Multi-Peptide: Multimodality Leveraged Language-Graph Learning of Peptide Properties

Srivathsan Badrinarayanan,Chakradhar Guntuboina,Parisa Mollaei,Amir Barati Farimani
2024-07-03
Abstract:Peptides are essential in biological processes and therapeutics. In this study, we introduce Multi-Peptide, an innovative approach that combines transformer-based language models with Graph Neural Networks (GNNs) to predict peptide properties. We combine PeptideBERT, a transformer model tailored for peptide property prediction, with a GNN encoder to capture both sequence-based and structural features. By employing Contrastive Language-Image Pre-training (CLIP), Multi-Peptide aligns embeddings from both modalities into a shared latent space, thereby enhancing the model's predictive accuracy. Evaluations on hemolysis and nonfouling datasets demonstrate Multi-Peptide's robustness, achieving state-of-the-art 86.185% accuracy in hemolysis prediction. This study highlights the potential of multimodal learning in bioinformatics, paving the way for accurate and reliable predictions in peptide-based research and applications.
Quantitative Methods,Artificial Intelligence,Machine Learning
What problem does this paper attempt to address?

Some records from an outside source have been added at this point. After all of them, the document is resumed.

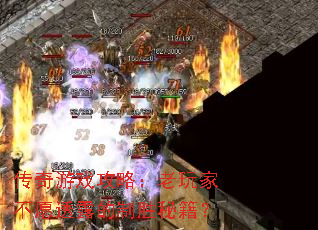 ������Ϸ���ԣ�����Ҳ�Ը͸¶����ʤ�ؼ���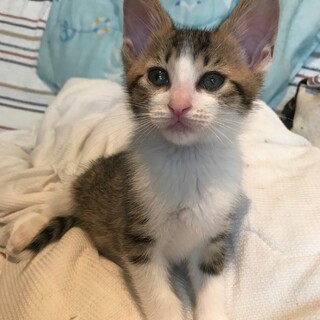 セイロン君　　　個別お見合い可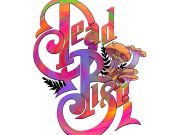 Tap Shack, Dead Rise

The paper attempts to address the problem of utilizing multimodal information in peptide property prediction to improve prediction accuracy. Specifically, the paper introduces a method called Multi-Peptide, which combines the Transformer-based language model PeptideBERT with Graph Neural Networks (GNN). This method aims to enhance the accuracy of peptide property prediction by capturing both sequence and structural features of peptides. By using Contrastive Language-Image Pretraining (CLIP) technology to align the embeddings of the two modalities into a shared latent space, the model's predictive capability is improved. Experimental results show that Multi-Peptide achieved state-of-the-art accuracy (86.185%) on the hemolysis prediction task, demonstrating the potential of multimodal learning in bioinformatics and its accuracy and reliability in peptide-based research and applications. Although its performance on non-adhesive datasets is slightly lower than the sequence-based PeptideBERT model, Multi-Peptide demonstrates the ability to integrate sequence and structural data, providing a foundation for further optimization.